Dans des pays africains comme la Somalie et la République centrafricaine, les conflits prolongés, ainsi que les crises humanitaires récurrentes et les violations persistantes des droits humains, ont contraint des millions de personnes à fuir leur domicile en quête de protection. Des millions de réfugié-e-s accueilli-e-s par des pays africains sont toujours exposé-e-s à des atteintes généralisées aux droits humains et n’ont pas reçu un soutien suffisant de la communauté internationale.

Les violations alarmantes des droits humains et les crimes contre l’humanité commis par les forces de sécurité contre les Rohingyas au Myanmar ont obligé des centaines de milliers de personnes à fuir et à faire face à un avenir incertain et souvent empreint de violence. Deux journalistes qui enquêtaient sur des opérations militaires dans l’État d’Arakan ont été arrêtés en 2017.

Des défenseur-e-s des droits humains et des ONG qui défendent les droits des personnes en mouvement en Europe ont également été la cible de campagnes de harcèlement et d’intimidation. Des ONG qui mènent des opérations de recherche et de sauvetage en Méditerranée centrale ont fait l’objet de campagnes de dénigrement. Un nouveau code de conduite adopté par les autorités italiennes soumet les activités de ces organisations à des restrictions injustifiées. 

Un nouvel ensemble de mesures législatives présenté au Parlement hongrois en février 2018 imposerait aux ONG qui « soutiennent l’immigration » d’obtenir un avis favorable des services de sécurité et une autorisation gouvernementale. Au titre de ce texte, le gouvernement « identifierait » les ONG qui, selon lui, « soutiennent l’immigration » et celles-ci devraient alors obtenir l’autorisation du ministre de l’Intérieur pour mener à bien leurs activités de base, notamment faire campagne, « influencer les tribunaux », préparer du matériel d’information, organiser des réseaux et recruter des bénévoles dans le but de parrainer, organiser ou soutenir de toute autre manière l’entrée et le séjour de personnes en quête d’une protection internationale. 

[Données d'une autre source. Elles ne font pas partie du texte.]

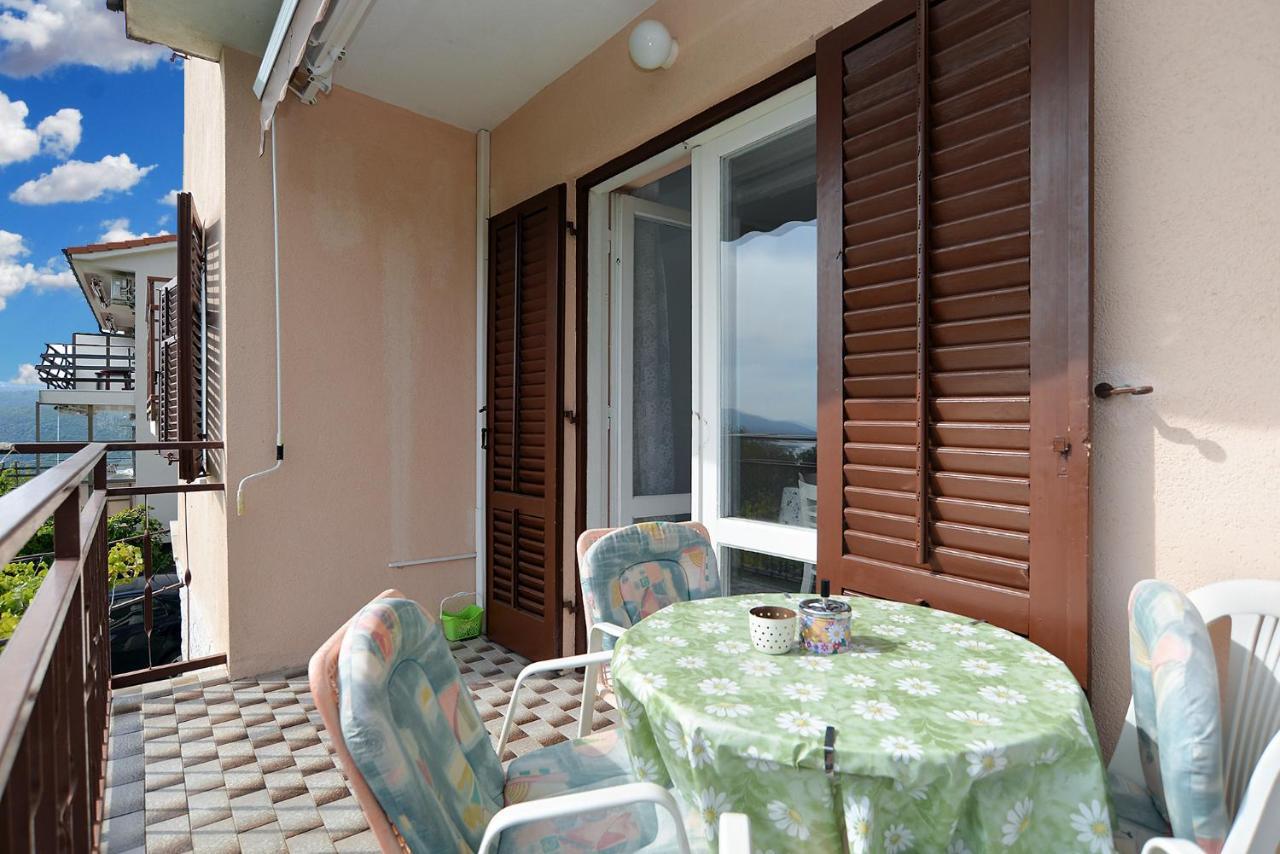 Apartments Medulinska Rabac 757 Εξωτερικό φωτογραφία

Au Moyen-Orient et en Afrique du Nord, les travailleurs et travailleuses migrant-e-s continuent d’être victimes d’exploitation et de mauvais traitements, et celles et ceux qui défendent les droits de ces personnes subissent des menaces et des actes d’intimidation. La crise s’est aggravée en Libye, où les migrant-e-s et les réfugié-e-s sont soumis-es à des atteintes aux droits humains généralisées et systématiques. Près de 20 000 réfugié-e-s et migrant-e-s ont été arrêté-e-s de façon arbitraire et placé-e-s pour une durée indéterminée dans des centres de détention surpeuplés et insalubres, où ces personnes sont exposées à la torture, au viol, au travail forcé, à l’extorsion et aux homicides illégaux aux mains des autorités et des milices dirigeant ces lieux. 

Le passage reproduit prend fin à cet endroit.